How many friends of users whose age is less than 20?

SELECT COUNT(DISTINCT f1.friend2) as c
FROM users u
JOIN friends f1 ON (u.userid = f1.friend1)
WHERE u.age < 20;

How many friends of friends of users whose age is less than 20?

SELECT COUNT(DISTINCT f2.friend2) as c
FROM users u
JOIN friends f1 ON (u.userid = f1.friend1)
JOIN friends f2 ON (f1.friend2 = f2.friend1)
WHERE u.age < 20 AND f2.friend2 <> u.userid;

How many users have more than 10 posts?

WITH users_10_posts AS (
    SELECT posts.userid, COUNT(*) as c
    FROM posts
    GROUP BY posts.userid
    HAVING COUNT(*) > 10
)
SELECT COUNT(*) as c
FROM users_10_posts;

What is the average number of posts published at noon and by the friends of the users whose age is more than 40? Calculate the percentage of posts.


WITH post_count AS (
    SELECT COUNT(posts.postid) AS c
    FROM users u
    JOIN friends f ON f.friend1 = u.userid
    JOIN posts ON posts.userid = f.friend1
    JOIN users u2 ON f.friend1 = u2.userid
    WHERE EXTRACT(HOUR FROM u2._timestamp) = 12 AND u.age > 40
)
SELECT AVG(c)
FROM post_count;

What is the percentage of posts published at noon and by the friends of the users whose age is more than 40?

WITH post_count AS (
    SELECT COUNT(posts.postid) AS c
    FROM users u
    JOIN friends f ON f.friend1 = u.userid
    JOIN posts ON posts.userid = f.friend1
    JOIN users u2 ON f.friend1 = u2.userid
    WHERE EXTRACT(HOUR FROM u2._timestamp) = 12 AND u.age > 40) ,
    post_total AS (
        SELECT COUNT(*) as c2
        FROM posts
    )
SELECT 100 * c/c2 || '%'
FROM post_total, post_count;

Graph databases

A graph database stores nodes and relationships instead of tables, or documents. Data is stored just like you might sketch ideas on a whiteboard. Your data is stored without restricting it to a pre-defined model, allowing a very flexible way of thinking about and using it.

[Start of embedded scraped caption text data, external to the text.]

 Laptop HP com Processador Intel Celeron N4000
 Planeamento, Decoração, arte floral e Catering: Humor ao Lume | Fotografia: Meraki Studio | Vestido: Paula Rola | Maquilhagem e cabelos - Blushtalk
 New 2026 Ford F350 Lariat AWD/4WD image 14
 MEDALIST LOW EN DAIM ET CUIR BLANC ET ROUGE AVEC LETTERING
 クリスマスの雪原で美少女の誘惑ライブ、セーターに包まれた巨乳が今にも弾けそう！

Graph databases address big challenges many of us tackle daily. Modern data problems often involve many-to-many relationships with heterogeneous data that sets up needs to:

Navigate deep hierarchies,
Find hidden connections between distant items, and
Discover inter-relationships between items.

Whether it’s a social network, payment networks, or road network you’ll find that everything is an interconnected graph of relationships. And when we want to ask questions about the real world, many questions are about the relationships rather than about the individual data elements.

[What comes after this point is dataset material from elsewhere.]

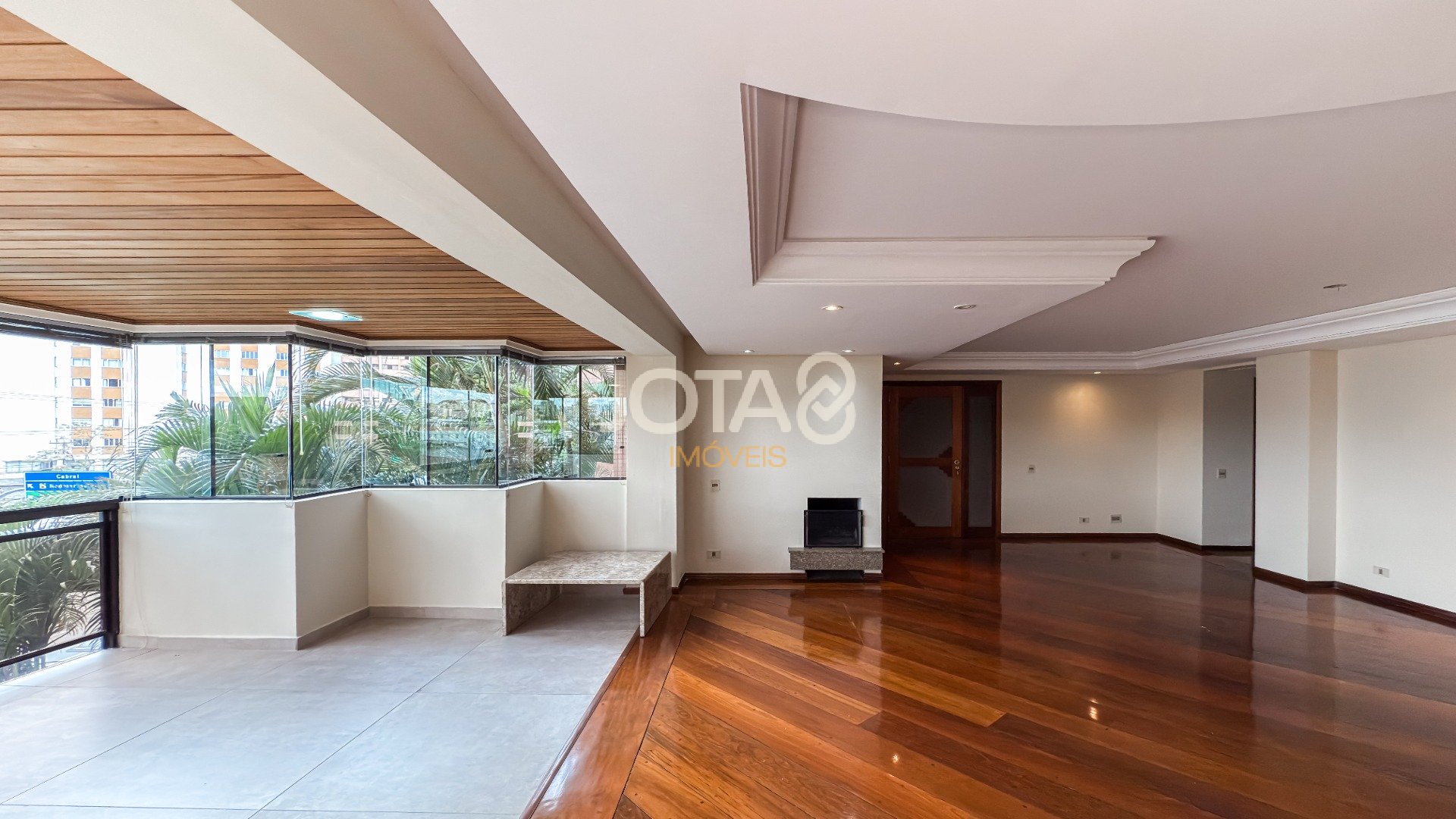 APARTAMENTO 4 QUARTOS SENDO 2 SUÍTES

Example of a simple graph database

Neo4j is an open-source, NoSQL, native graph database that provides an ACID-compliant transactional backend for your applications that has been publicly available since 2007. In Neo4j, information is organized as nodes, relationships, and properties. We can retrieve data from Neo4j via its query language called Cypher which is a declarative query language similar to SQL, but optimized for graphs.

Building blocks of the property graph model

The property graph model consists of mainly nodes and relationships. Nodes are the entities in the graph.

Nodes can be tagged with labels, representing their different roles in your domain. (For example, Person).
Nodes can hold any number of key-value pairs, or properties. (For example, name).
Node labels may also attach metadata (such as index or constraint information) to certain nodes.

Whereas relationships provide directed, named, connections between two node entities (e.g. Person LOVES Person).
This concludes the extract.